What one should do is decrease the emotionality in during events of leaving and returning. Try to act as neutral as possible before you leave the house and upon returning. You can say a nice hello and goodbye but there is no need to add the ritual of emotional outburst. If you are up to it, while your puppy is busy with a very tasty bone, simply leave the house. When you return, take the tasty bone, say a brief hello, and ignore the puppy until he is relaxed and used to the fact that you are back home. By the time you put your briefcase in the study, put the groceries in the fridge, and take the laundry out of the drier, your puppy should be relaxed. Now you can, and should, spend time with your puppy.

Text Box: Try to be as emotionless as possible during leaving the house and returning to it. When leaving, there is no need to say a word. Upon returning, wait with the petting and playing until your puppy stop his excitement from your return.
thus, I am not telling you to ignore your puppy and stop loving him. On the contrary, I hope that you will show your puppy all the love he deserves. I am saying that by choosing the correct moments to show this great love and affection, we can teach our puppies many nice behaviors. We can teach him that coming and going is not out of the ordinary and that fun, petting, and excitement happened in various times and are not connected directly to the events of leaving and returning.

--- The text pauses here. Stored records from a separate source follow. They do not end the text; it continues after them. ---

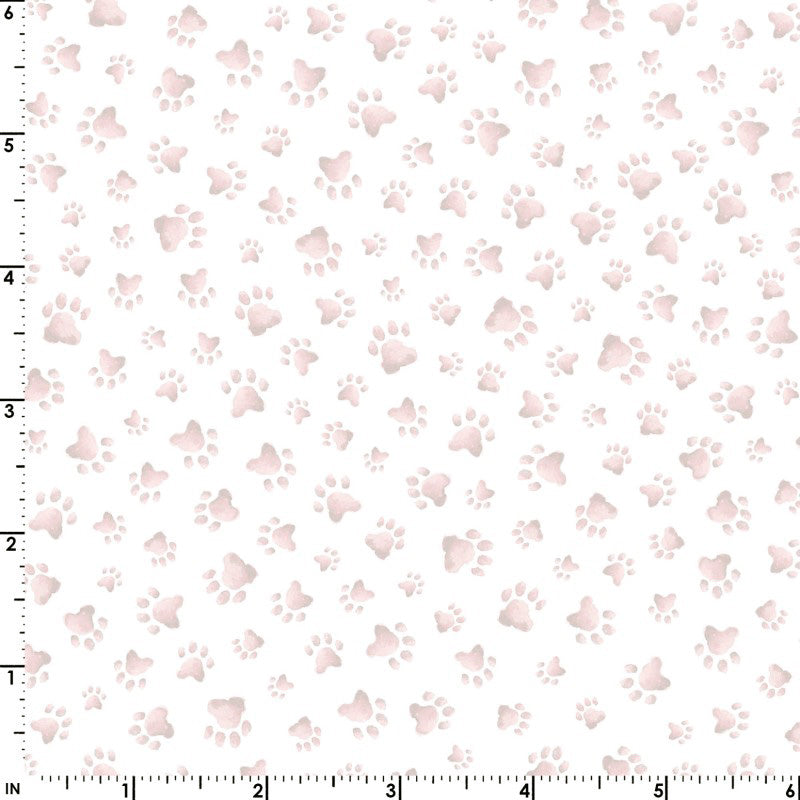 Whiskers & Paws MAS10420-P Paw Prints Grey Petal Pink by Hannah Dale for Maywood Studio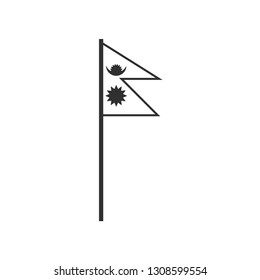 Nepal flag icon in black outline flat design. Independence day or National day holiday concept.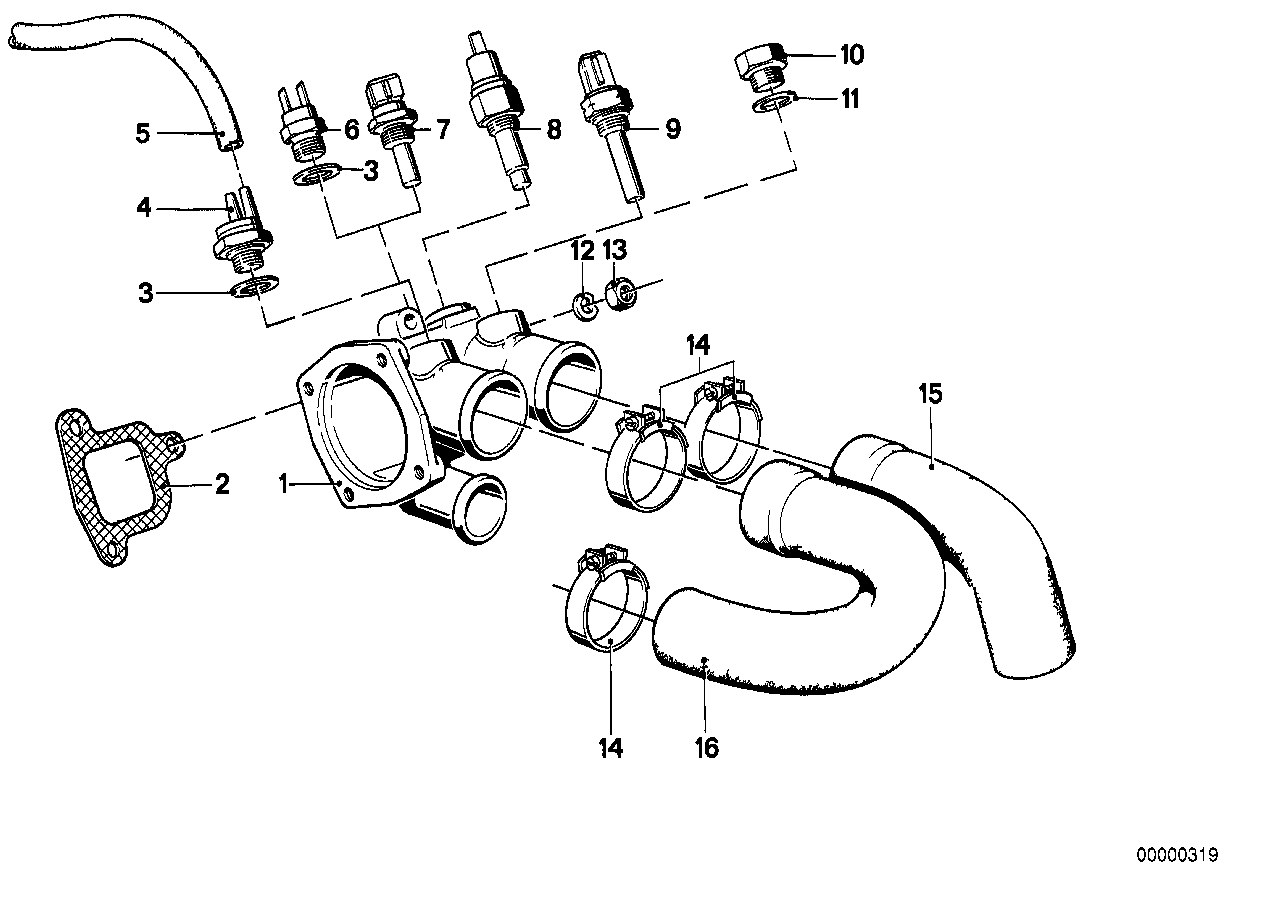 Cooling system-thermostat/water hoses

We are creatures of habit:

When was the last time you changed anything of your morning routine? If you are among most of us – you did not. You brush your teeth, read the paper, eat your cereal, get dressed, take the keys, and…leave. Humans are creatures of habit and they have a hard time to act in a random manner. Our dogs are experts at making associations – that is how their brains work and that is how they survive. The term for all the behaviors you do in order is “behavior chain”. Dogs read behavior chains very well and soon enough they realize that once you start your behavior chain in the morning – the end of it is leaving. This is why you can see them acting uncomfortable as your behavior chain progresses. By the time you take your keys, the separation anxiety prone dog is already stressed.

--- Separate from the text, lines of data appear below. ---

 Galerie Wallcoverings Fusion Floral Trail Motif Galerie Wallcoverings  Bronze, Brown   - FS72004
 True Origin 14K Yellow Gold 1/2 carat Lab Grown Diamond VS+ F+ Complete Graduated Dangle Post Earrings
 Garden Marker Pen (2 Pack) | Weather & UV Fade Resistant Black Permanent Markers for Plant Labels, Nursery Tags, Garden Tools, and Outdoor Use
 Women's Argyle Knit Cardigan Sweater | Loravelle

Our job is to avoid telling the dog that we are leaving. We can do this in two ways: 1) we can do our daily leaving routine many times but….end it by not leaving. We complete the routine and go watch TV. We complete the routine and go bake a cake, etc. if we do this enough times – this behavior chain no longer predicts leaving and your dog will be able to stay relaxed while it is happening. 2) We can try to vary our leaving routine. We can change the order of the things we do every day. One day, breakfast comes before getting dressed and on another day, we take the keys before we get dressed and eat. Doing this can prevent the dog from catching on to a behavior chain simply because it is constantly changing. This second method is usually harder for us but we can try to combine both methods to help our puppy stay relaxed before we really need to leave the house. Many dogs will stay relaxed if they were not able to build up stress as the behavior chain of leaving advances.

In Summary

Although most dogs manage to deal with staying alone for extended periods of time, you should take separation anxiety seriously, and take the necessary steps to prevent it. if you notice your dog is acting stressed or worried when left alone, practice the exercises described in this chapter consistently. Remember that behavior is never static and if we do not act to improve it, it will get worse. Many dogs get to a state of severe separation anxiety due to years of neglect by their owners. By then, it can be extremely hard to modify the problem (although by no means impossible). If you are having a hard time improving your dog anxieties, consult a behavior consultant as soon as possible. The longer you wait, the worse the problem will get.